:: INFORMATION PROVIDED

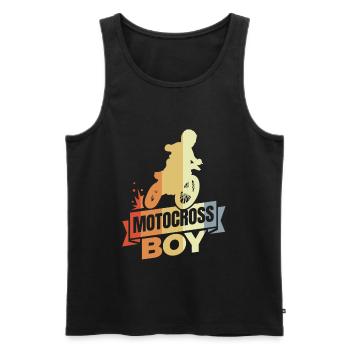 Petit pilote de motocross - Débardeur bio Premium Homme - noir - Devant - Michal (187cm)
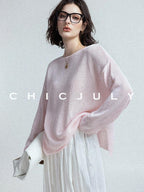 chicjuly Reverse Knit Rolled Hem Side Slit Women's Cotton Long Sleeve T-shirts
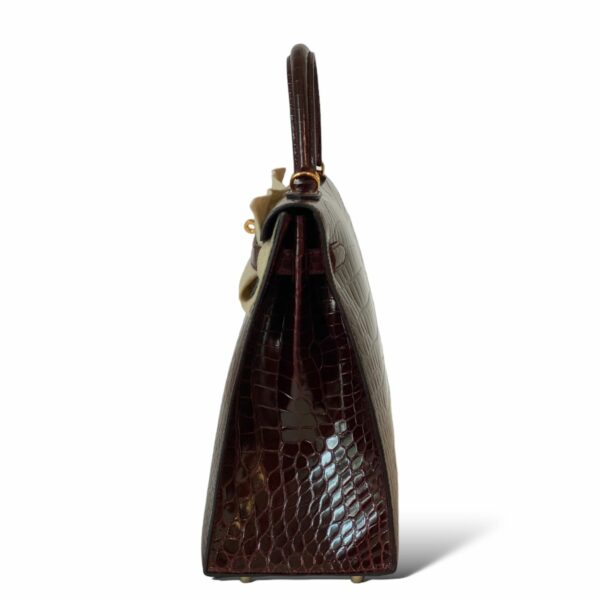 Hermes Kelly 35 Croco Bordeaux GHW - Image 4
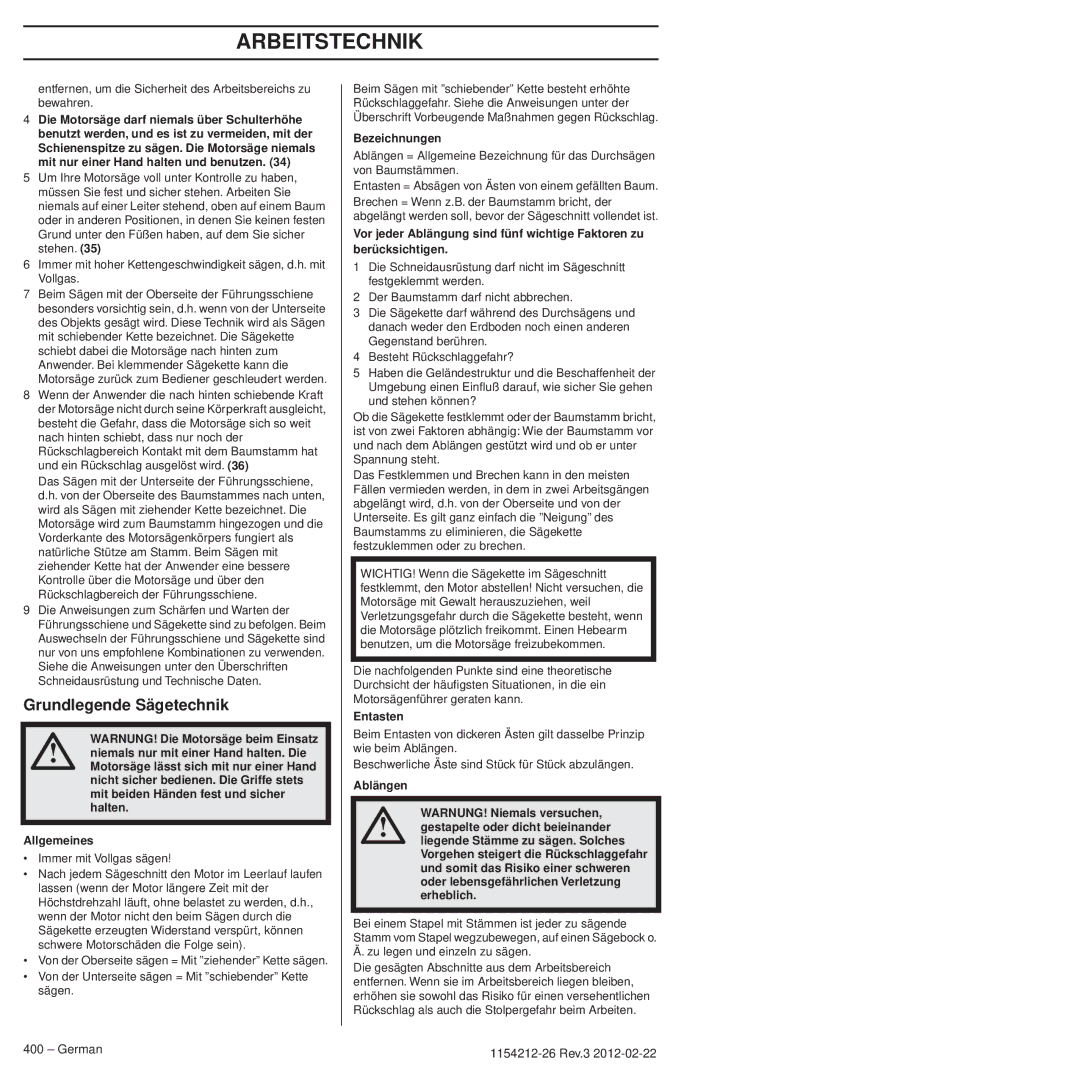 Husqvarna 952802154 manuel dutilisation Umgangarbeitstechnikmit Kraftstoff, Grundlegende Sägetechnik 
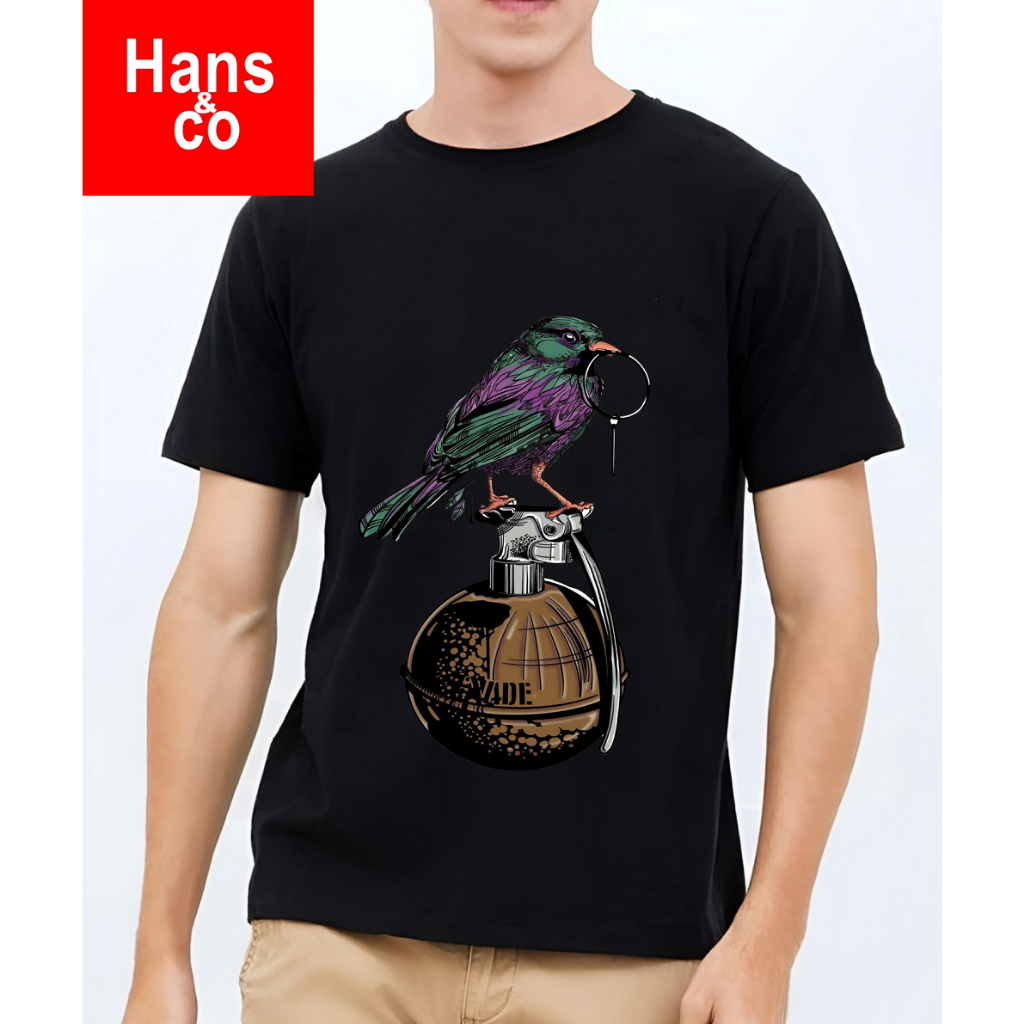 KATUN Premium 3D เสื้อยืดผู้ชาย 0blong Animation Bird Grenade Cotton 24s 100% H0105 By Hans & co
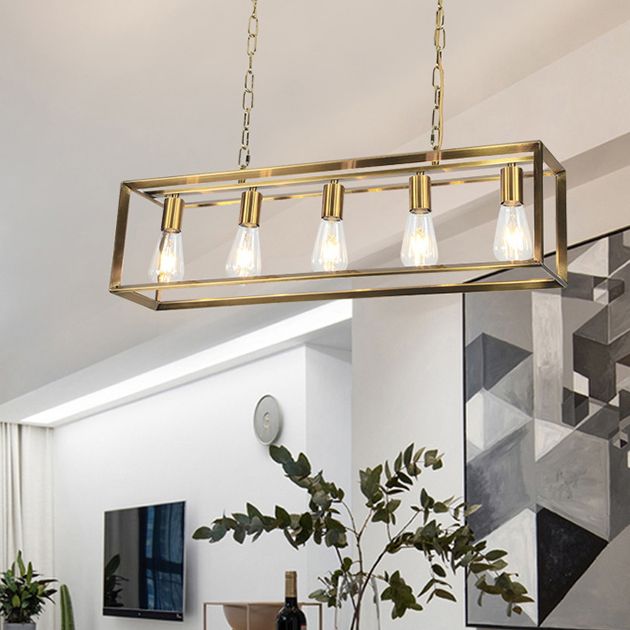 Epoch Rectangle Pendant Light Brass & 5/6 Heads - Letslighting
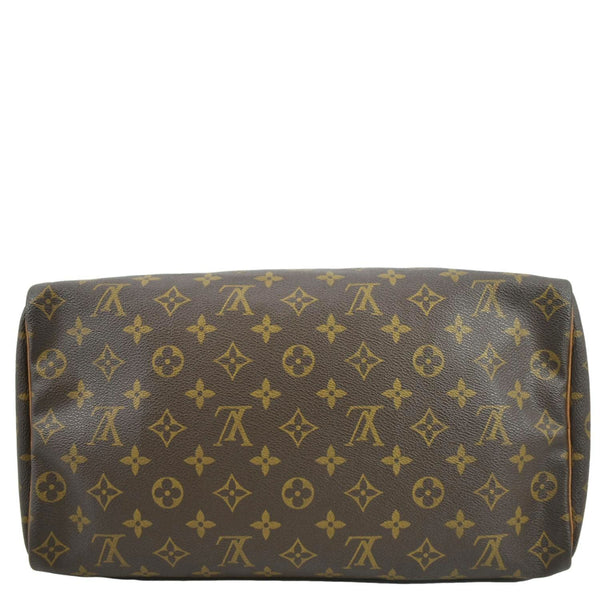 LOUIS VUITTON Speedy 35 Monogram Canvas Satchel Bag Brown
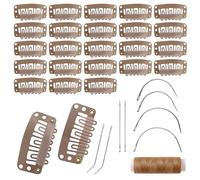 32mm Hairpieces Snap Clips U Shape Wig for Hair Extensions Making Accessories Set Tools (25Pcs Light Brown)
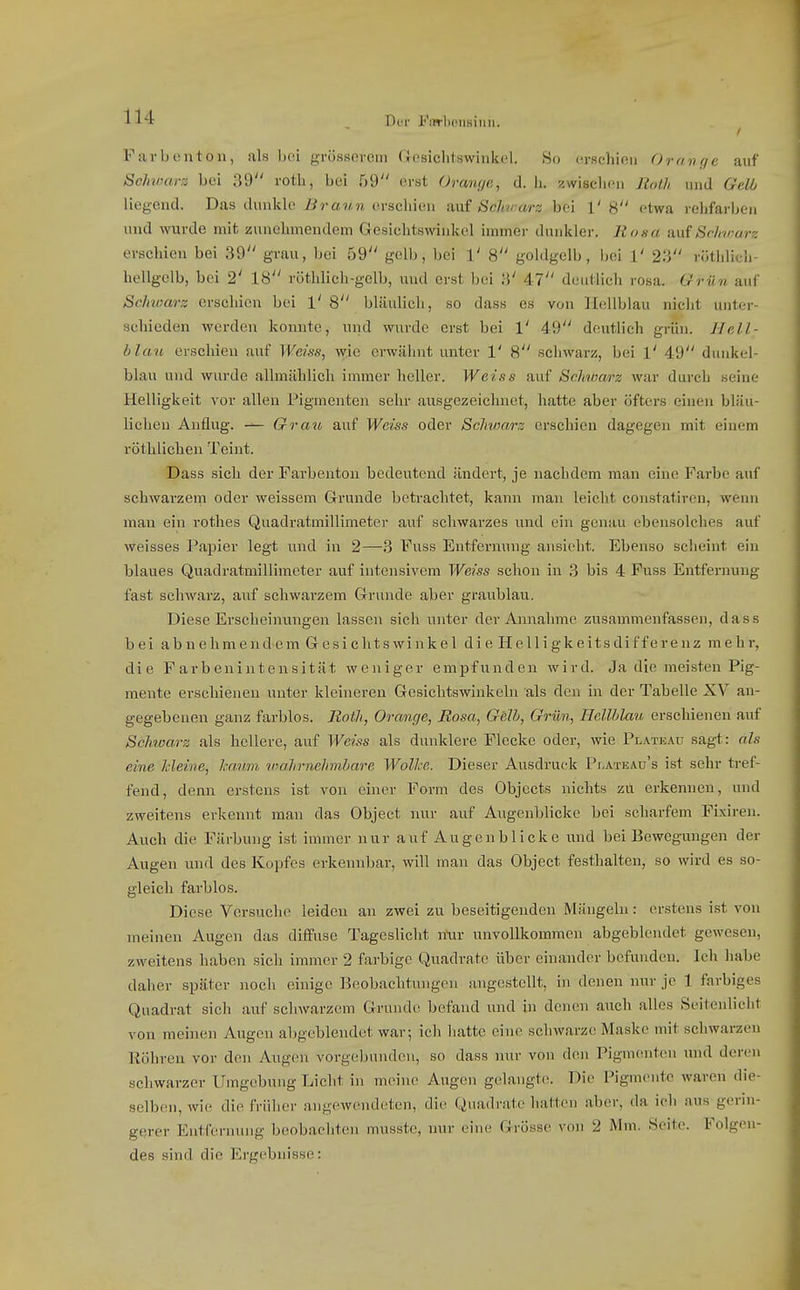 ■Ii'! . Der l'iiTl>oiisiim. Farbenton, als bei grösserem (losichtswinkel. So orschieu Orange auf ScIuJHirz bei 39 roth, bei hQ erst Orawjc, d. Ii. zwischen Roth und Gelb liegend. Das dunkle 7-a?n?, erschien n\d Schvarz bei 1' 8 etwa rehfarben und wurde mit zunehmendem Gesichtswinkel immer dunkler. Rosa a.u{ Sc/rwarz erschien bei 39 grau, bei 59 gelb, bei 1' 8 goldgelb, bei 1' 23 röthlich- hellgelb, bei 2' 18 rötldich-gclb, und erst bei 3' 47 deidlich rosa. Grün auf Sckwars erschien bei 1' 8 bläulich, so dass es von Hellblau nicht uuter- schieden werden konnte, und wiu-de erst bei 1' 49 deutlich grün. Hell- blau erschien auf Weiss, w;ie erwähnt unter 1' 8 schwarz, bei l' 49 dunkel- blau und wurde allmählich immer heller. Weiss auf Schwarz war durch seine Helligkeit vor allen Pigmenten sehr ausgezeichnet, hatte aber öfters einen bläu- liclien Anflug. Grau auf Weiss oder Schwarz erschien dagegen mit einem rölhlichen Teint. Dass sich der Farbenton bedeutend ändert, je nachdem man eine Farbe auf schwarzem oder weissem Grunde betrachtet, kann man leicht constatiren, wenn mau ein rothes Quadratmillimeter auf schwarzes und ein genau ebensolches auf weisses Papier legt und in 2—3 Fuss Entfernung ansieht. Ebenso scheint ein blaues Quadratmillimeter auf intensivem Weiss schon in 3 bis 4 Fuss Entfernung fast schwarz, auf schwarzem Grunde aber graublau. Diese Erscheinungen lassen sich unter der Annahme zusammenfassen, dass bei abnehmendem Gesichtswinkel di e Helligkeitsdifferenz mehr, die Favbenintensität weniger empfunden wird. Ja die meisten Pig- mente erschienen unter kleineren Gesichtswinkeln als den in der Tabelle XV an- gegebenen ganz farblos. Roth, Orange, Rosa, Gelb, Grün, HcUhlaii erschienen auf Schwarz als hellere, auf Weiss als dunklere Flecke oder, wie Plateau sagt: als eine Meine, ka.nm vialirnehmhare Wolke. Dieser Ausdruck Pi.ateau's ist sehr tref- fend, denn erstens ist von einer Form des Objects nichts zu erkennen, und zweitens erkennt man das Object nur auf Augenblicke bei scharfem Fixireu. Auch die Färbung ist immer nur auf Augenblicke und bei Bewegungen der Augen und des Kopfes erkennbar, will man das Object festhalten, so wird es so- gleich farblos. Diese Versuche leiden an zwei zu beseitigenden Mängeln: erstens ist von meinen Augen das diffuse Tageslicht ntir unvollkommen abgeblendet gewesen, zweitens haben sich immer 2 farbige Quadrate über einander befunden. Ich habe daher später noch einige Beobachtungen angestellt, in denen nur je 1 farbiges Quadrat sich auf schwarzem Grunde befand uiul in denen auch alles Seitenlicht von meinen Augen abgeblendet war; ich hatte eiiu^ schwarze Maske mit schwarzen Röhren vor den Augen vorgebunden, so dass nur von den PigmcMiteu und deren schwarzer Umgebung Licht in meine Augen gelaugte. Die Pigmente waren die- selben, wie die früher angewendeten, die Quadrate hatten aber, da ich aus gerin- gerer Entfernung beobachten musste, nur eine Grösse von 2 Mm. Seite. Folgen- des sind die Ergebnisse:
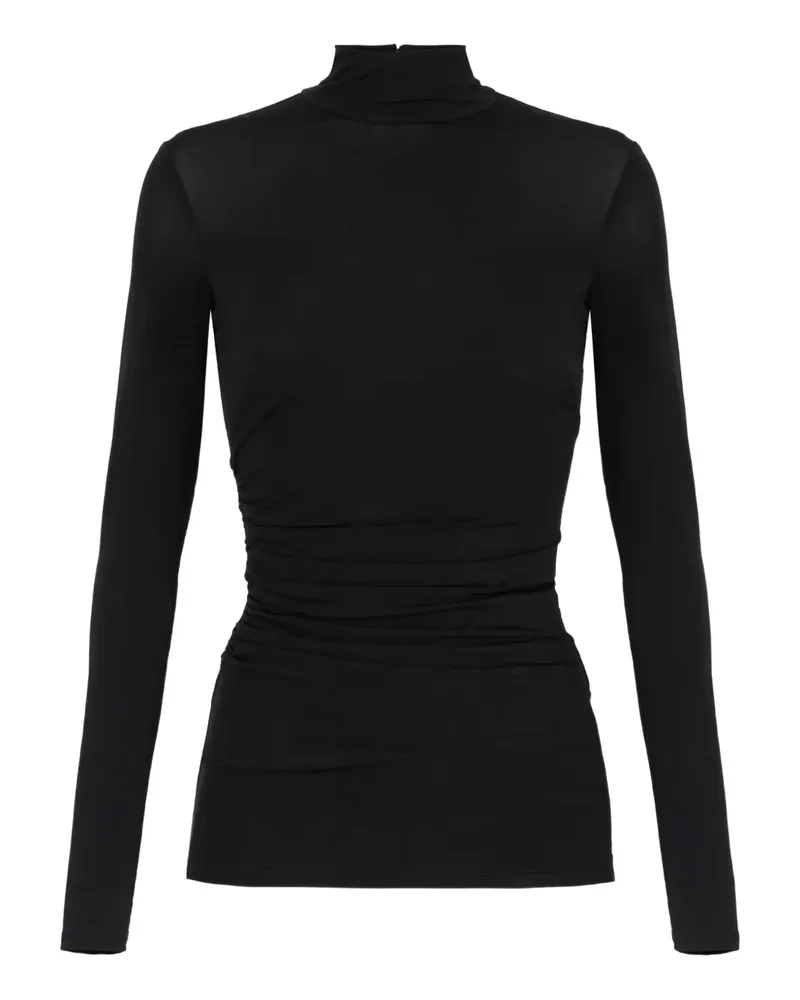 Elisabetta Franchi Oberteil mit Stehkragen - Schwarz Schwarz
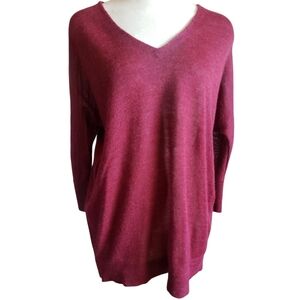 Eileen Fisher Sweater Womens V-Neck S Dark Red Maroon Royal Alpaca Pullover Top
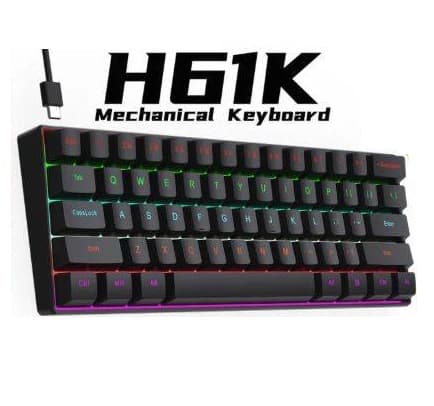 H61K Blue Switch Mechanical Keyboard Blue Switch Type-C RGB 61 Keys view 1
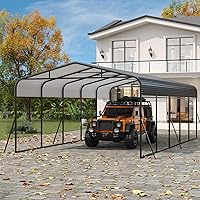 Garvee 13x26 FT Heavy Duty Metal Carport with Galvanized Steel Roof & Reinforced Base - 100 MPH Windproof Garage Shelter
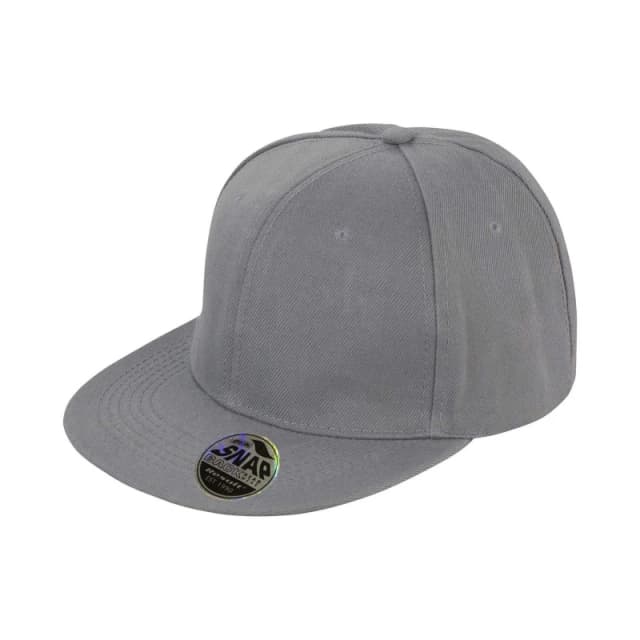 Result Result Men Bronx Original Flat Peak Snapback Cap in Grey Grey One Size Male 5063470790999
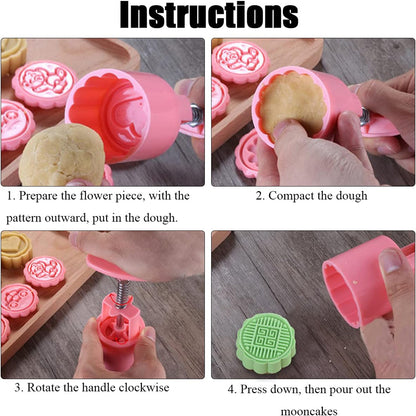Wukusy multipurpose cookie and biscuit stamp mold set with press handle for home baking, featuring various decorative designs.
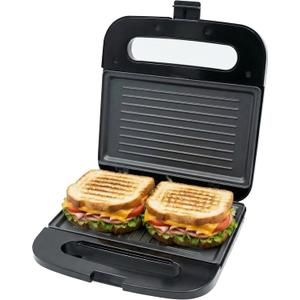 OVENTE Electric Panini Press Grill with Nonstick Plates, LED Indicator Lights, Thermostat Control, Cool Touch Handle, Compact Sandwich Maker Perfect for Cooking Breakfast, Snacks & More, Black GP0401B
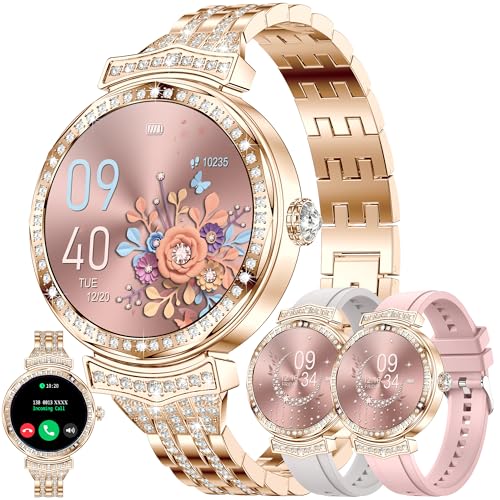 1,32” AMOLED Smartwatch Damen mit Telefonfunktion, 5ATM Fitnessuhr mit Diamant Schrittzähler Herzfrequenz SpO2, Schlafmonitor, 123 Sportmodi Uhr, Sportuhr Aktivitätstracker für Android iOS (Gold) von ZPIMY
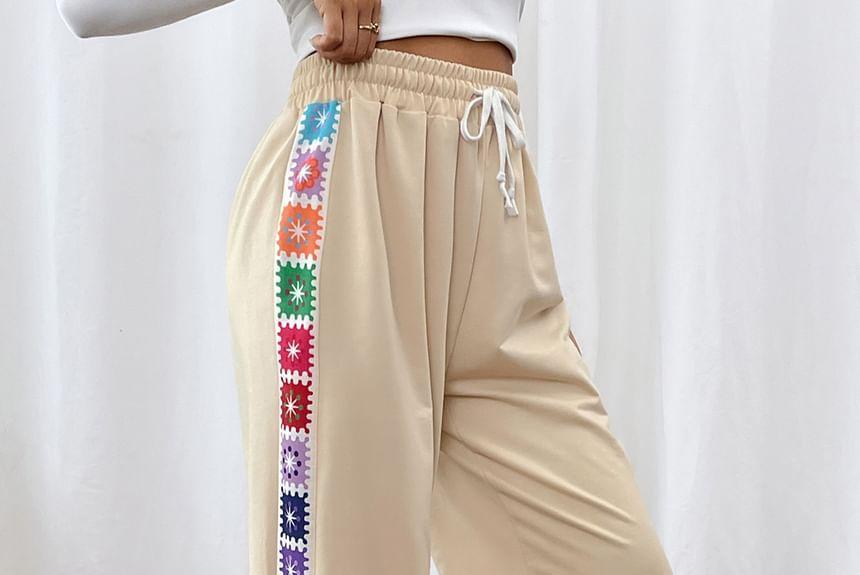 Drawstring Waist Crochet Knit Wide Leg Sweatpants Product Image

::::

> **YOUR INSTRUCTIONS**
The lines above from the line with "Result Result Men" through the line with "Wukusy multipurpose cookie" are to be given again word for word, with no pictures among them.

> **SOLVED PROBLEM**
 Result Result Men Bronx Original Flat Peak Snapback Cap in Grey Grey One Size Male 5063470790999
Wukusy multipurpose cookie and biscuit stamp mold set with press handle for home baking, featuring various decorative designs.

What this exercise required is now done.